## Task statement
Please restate the records below word for word, leaving out every picture.

## Entries provided
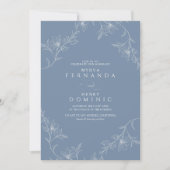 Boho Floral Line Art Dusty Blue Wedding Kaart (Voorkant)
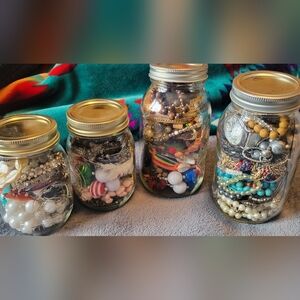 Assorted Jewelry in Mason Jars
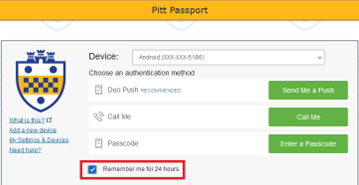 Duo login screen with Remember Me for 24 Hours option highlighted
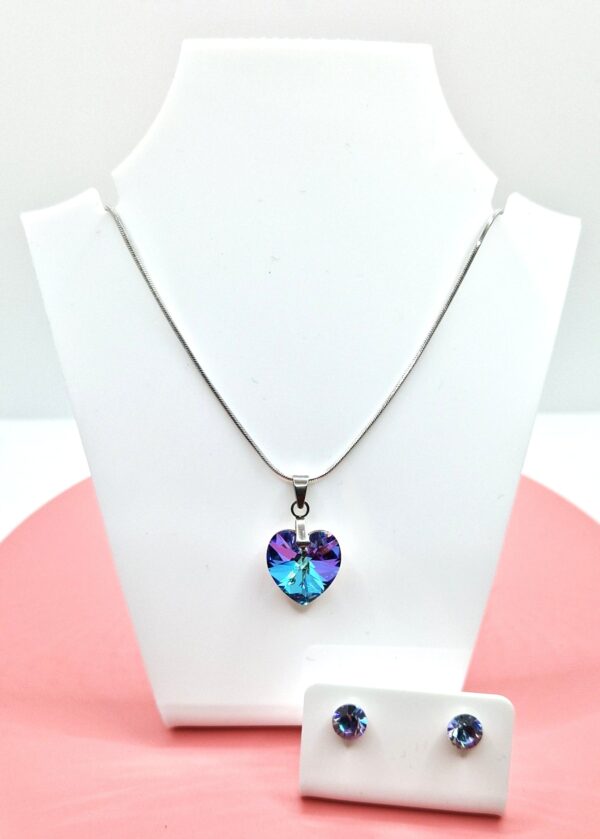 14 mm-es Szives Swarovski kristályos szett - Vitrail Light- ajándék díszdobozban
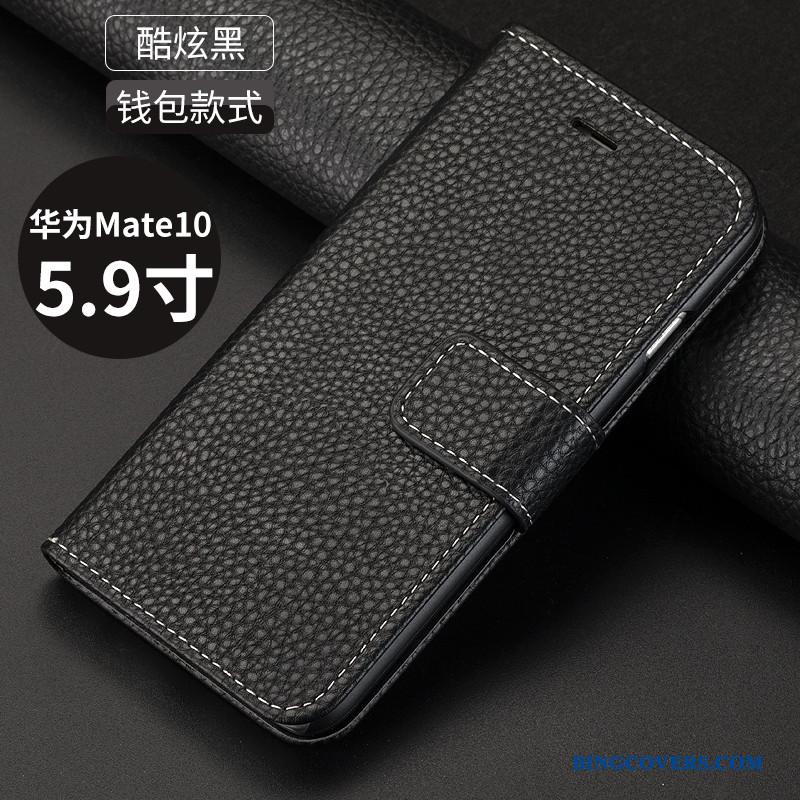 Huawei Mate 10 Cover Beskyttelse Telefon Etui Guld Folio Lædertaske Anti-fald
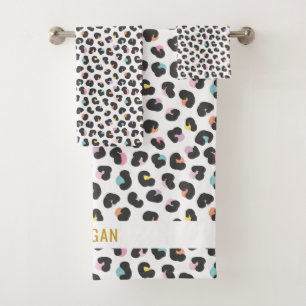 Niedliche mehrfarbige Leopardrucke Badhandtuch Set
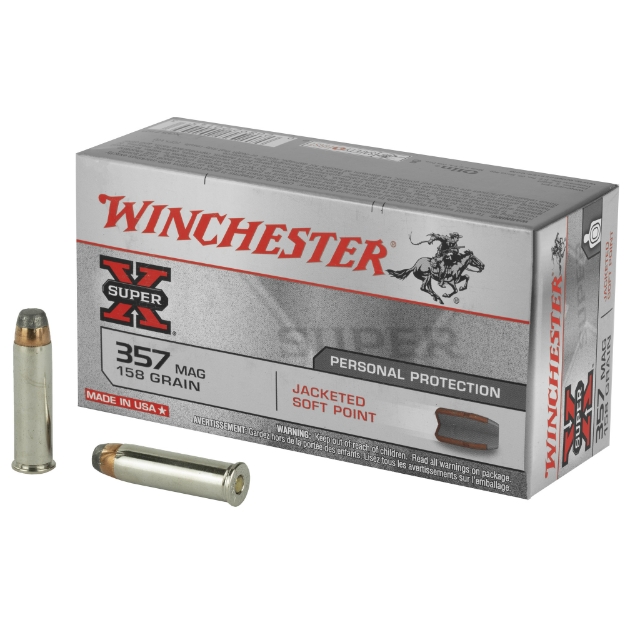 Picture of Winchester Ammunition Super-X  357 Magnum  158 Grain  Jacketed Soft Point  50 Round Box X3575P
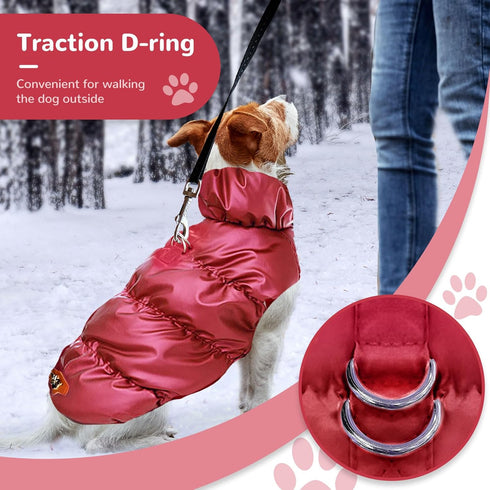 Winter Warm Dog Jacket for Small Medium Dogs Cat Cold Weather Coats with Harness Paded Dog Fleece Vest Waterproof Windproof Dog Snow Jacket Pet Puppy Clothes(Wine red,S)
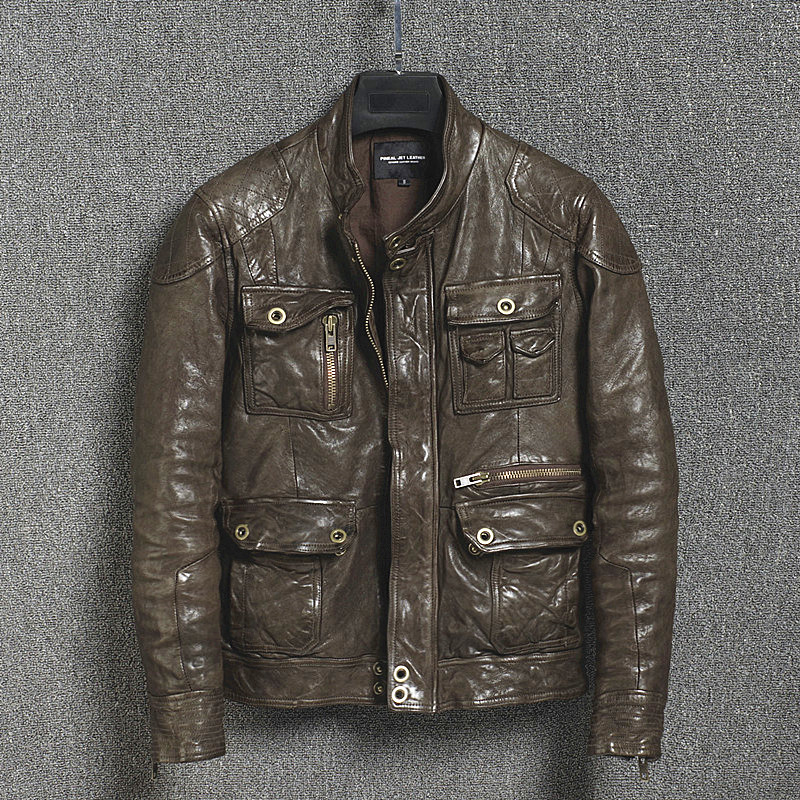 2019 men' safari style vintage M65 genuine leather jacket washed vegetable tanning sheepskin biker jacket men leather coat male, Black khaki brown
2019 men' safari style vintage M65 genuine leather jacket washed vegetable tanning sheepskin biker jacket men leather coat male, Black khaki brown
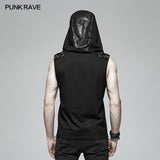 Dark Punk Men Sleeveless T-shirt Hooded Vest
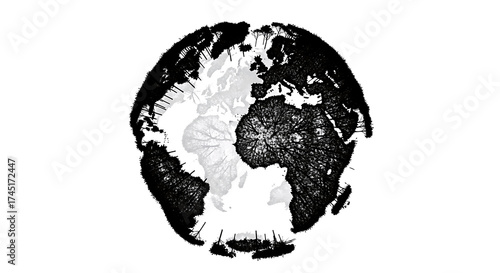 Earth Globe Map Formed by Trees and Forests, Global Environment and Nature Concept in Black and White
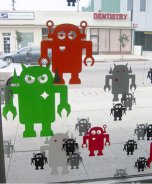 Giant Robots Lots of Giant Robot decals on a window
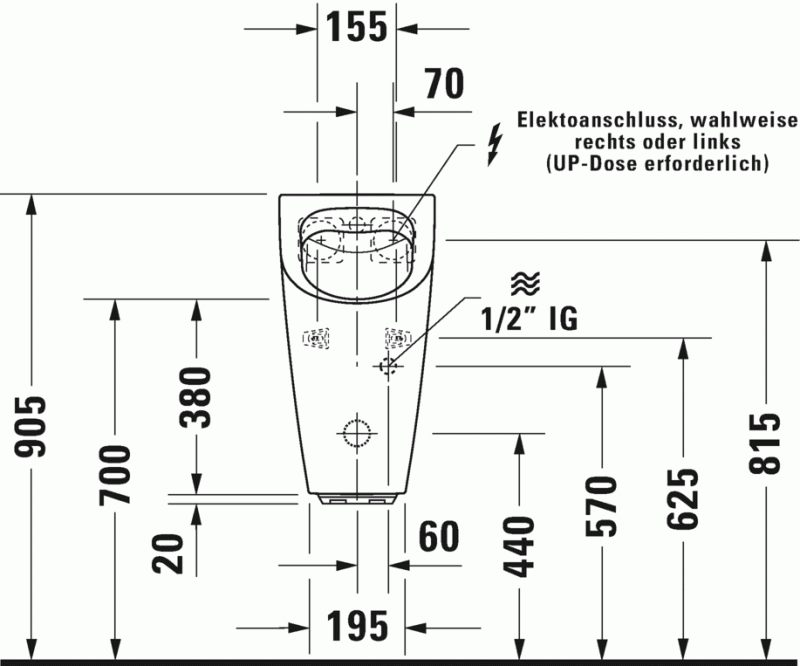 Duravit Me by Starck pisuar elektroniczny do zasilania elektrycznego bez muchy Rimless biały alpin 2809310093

## Worked solution
 Boho Floral Line Art Dusty Blue Wedding Kaart (Voorkant)
 Assorted Jewelry in Mason Jars
 Duo login screen with Remember Me for 24 Hours option highlighted
 14 mm-es Szives Swarovski kristályos szett - Vitrail Light- ajándék díszdobozban
 Huawei Mate 10 Cover Beskyttelse Telefon Etui Guld Folio Lædertaske Anti-fald
 Niedliche mehrfarbige Leopardrucke Badhandtuch Set
 Picture of Winchester Ammunition Super-X  357 Magnum  158 Grain  Jacketed Soft Point  50 Round Box X3575P
 Winter Warm Dog Jacket for Small Medium Dogs Cat Cold Weather Coats with Harness Paded Dog Fleece Vest Waterproof Windproof Dog Snow Jacket Pet Puppy Clothes(Wine red,S)
 2019 men' safari style vintage M65 genuine leather jacket washed vegetable tanning sheepskin biker jacket men leather coat male, Black khaki brown
2019 men' safari style vintage M65 genuine leather jacket washed vegetable tanning sheepskin biker jacket men leather coat male, Black khaki brown
 Dark Punk Men Sleeveless T-shirt Hooded Vest
 Earth Globe Map Formed by Trees and Forests, Global Environment and Nature Concept in Black and White
 Giant Robots Lots of Giant Robot decals on a window
 Duravit Me by Starck pisuar elektroniczny do zasilania elektrycznego bez muchy Rimless biały alpin 2809310093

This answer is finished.